Meine Pulle bleibt jedenfalls am gut gepolsterten Jacket auf dem Rücken...
16.08.2010
Kommentar von Sabine Sacher
Aus eigener Erfahrung kann ich nur sagen, daß Monkey Diving einen Riesenspaß bringt! Der Sprung ins Wasser aus den üblichen Höhen von einem Tauchboot oder Steg war problemlos, da rutscht nichts und auch die Flasche knallt einem nirgendwo gegen. Da hatte ich auch meine Anfangsbefürchtung, aber offenbar grundlos. Im übrigen habe ich persönlich auch mehr Vertrauen zur Befestigung mit den Karabinern an den D-Ringen des Jackets als bei einem normalen Flaschenspanngurt... Auch der linke Arm hat Bewegungsfreiheit und könnte an die Hosennaht gelegt werden - aber warum sollte man das wollen? In Summe konnte ich mich unter Wasser deutlich besser und angenehmer bewegen als sonst. Fazit: ausprobieren und wohlfühlen! Wenn es nach mir ginge, soll es ein Trend werden - mit nachhaltiger Durchsetzungskraft....
Kommentar von Thomas Christ
Hallo Dahabdiver, K.-G. und Ole.
Selbst ein Sprung aus fast drei Metern (Steg auf der Soma Bay) war kein Problem! Wer das nicht möchte kann ja auch die Flasche runtergeben, sie dort festmachen lassen, reinspringen und dann die Flasche am Jacket befestigen. Auch der seitliche Abtrieb ist kein Thema was man unangenehm merkt. Klingt fast unglaublich – ist aber so :) Der Arm hat komplette Bewegungsfreiheit – sieht aber auch dem Foto wirklich etwas unglücklich aus – wer möchte kann sogar mit den Händen am Anzug tauchen … Viel bequemer ist es aber, wenn man seinen linken Arm einfach auf die Flasche legt.
13.08.2010
Kommentar von Dahabdiver
Die Idee sieht witzig aus. Was mich ins Grübeln bringt:
Eine volle Aluflasche hat etwas Abtrieb, eine leere aber deutlich Auftrieb in Salzwasser. Mit nur einer Stageflasche (denn eigentlich ist es nichts anderes, hat nur einen neuen Namen) müsste man folglich immer mehr in Schieflage kommen, je leerer sie wird.
Pluspunkt ist natürlich (siehe Video 2) das ganz einfache Ventilhandling.
Leider nicht gezeigt (könnte spannend bis Autsch aussehen) ist ein Sprung vorwärts aus etwas größerer Höhe.
Video 1: Keine flossengeeignete Leiter am Schiff - und sowas bei Orca?

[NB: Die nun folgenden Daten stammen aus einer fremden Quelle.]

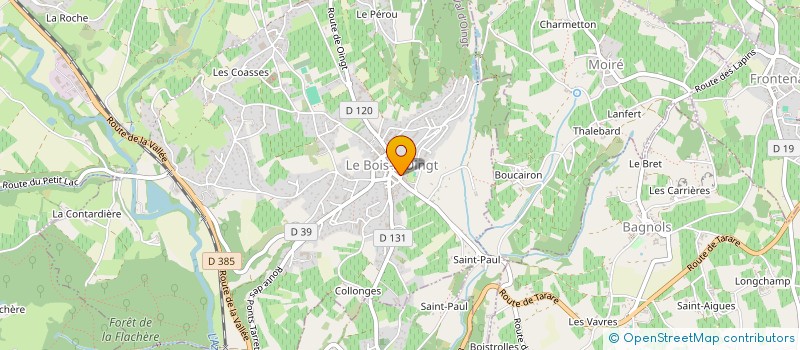 localisation de l'entreprise 379 099 294 à MEAUX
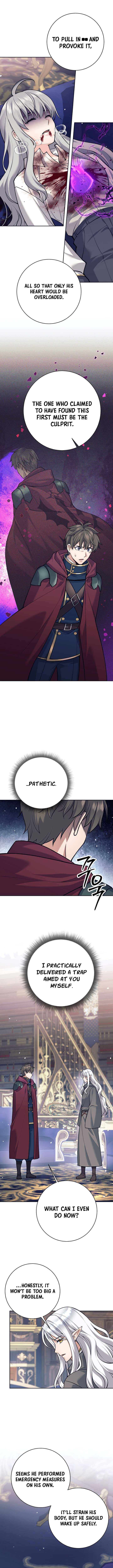 I Quit the Hero’s Party Chapter 102 52 5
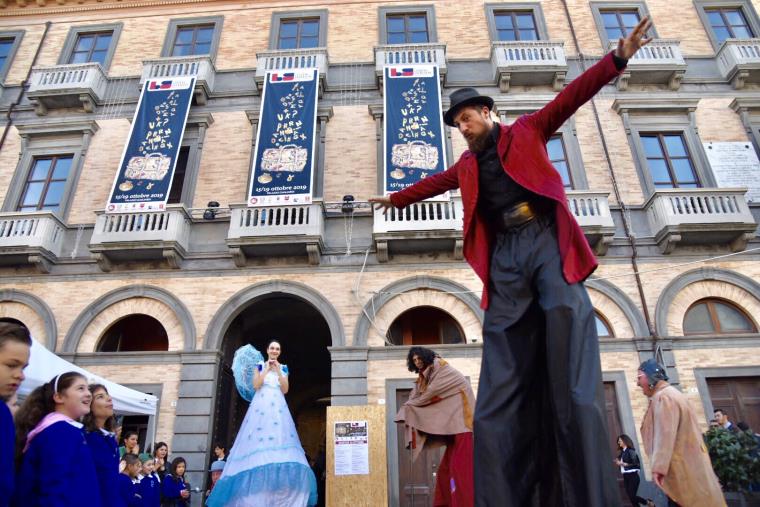Vibo Valentia: al via oggi l'ottava edizione del festival "Leggere&Scrivere" 
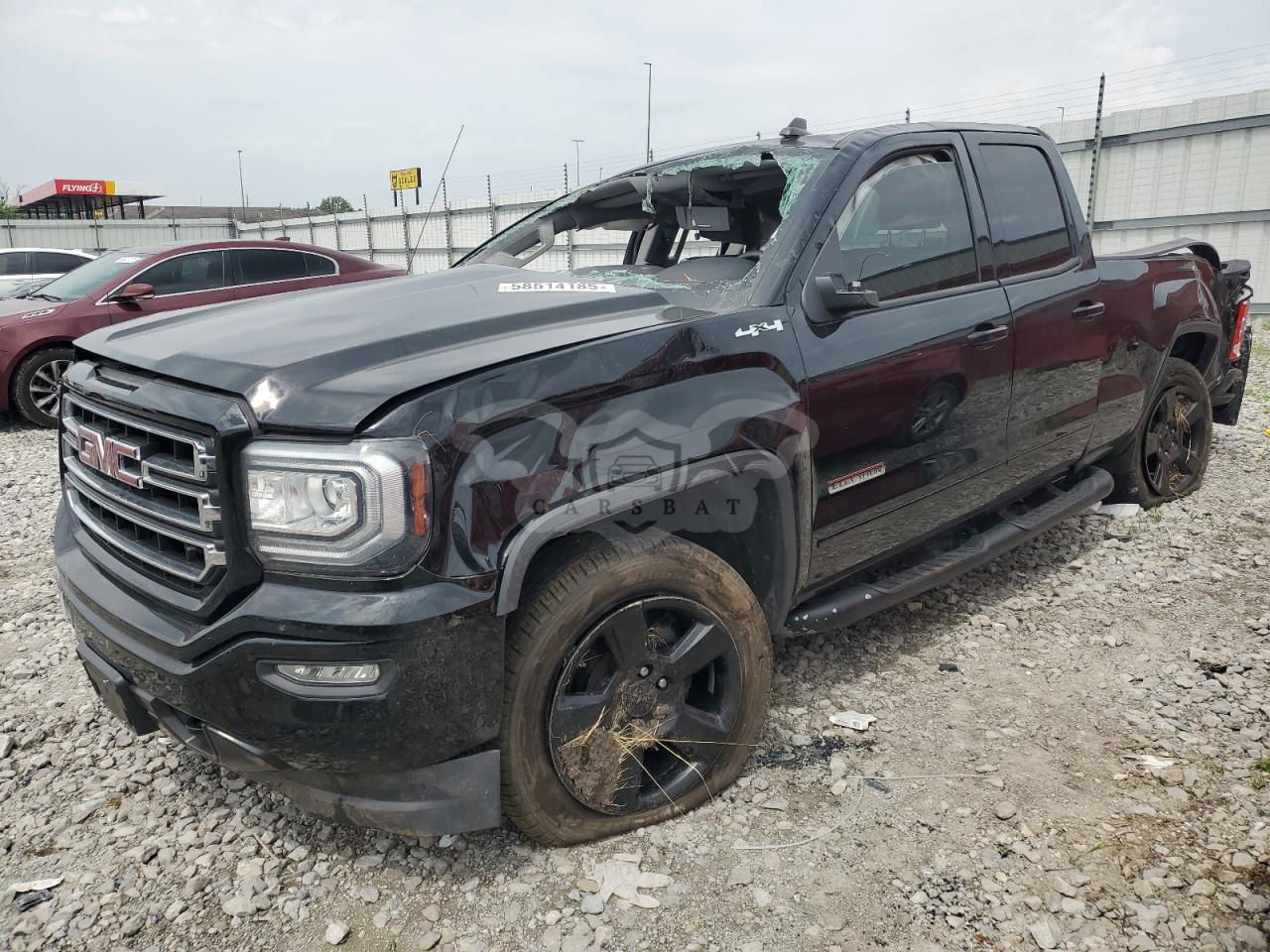 GMC Sierra K1500 5.3L  8 2019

Das gleiche geht übrigens mit nahezu jedem Jacket und Aluflasche unterm Bauch - macht Spaß.
12.08.2010
Kommentar von K.-G. Beck-Ewerhardy
Kann mich Ole eigentlich nur anschließen. Müsste man mal ausprobieren. Aber nach dem Photo erscheint mir der Arm doch sehr blockiert.
12.08.2010
Kommentar von Ole
Hm. Also ausprobiert habe ich das noch nicht. Insofern ist es schwer das abzuschätzen, ob sich das durchsetzen wird.
Ich finde es aber auf jeden Fall interessant und werde das mal ausprobieren. Tolle Idee!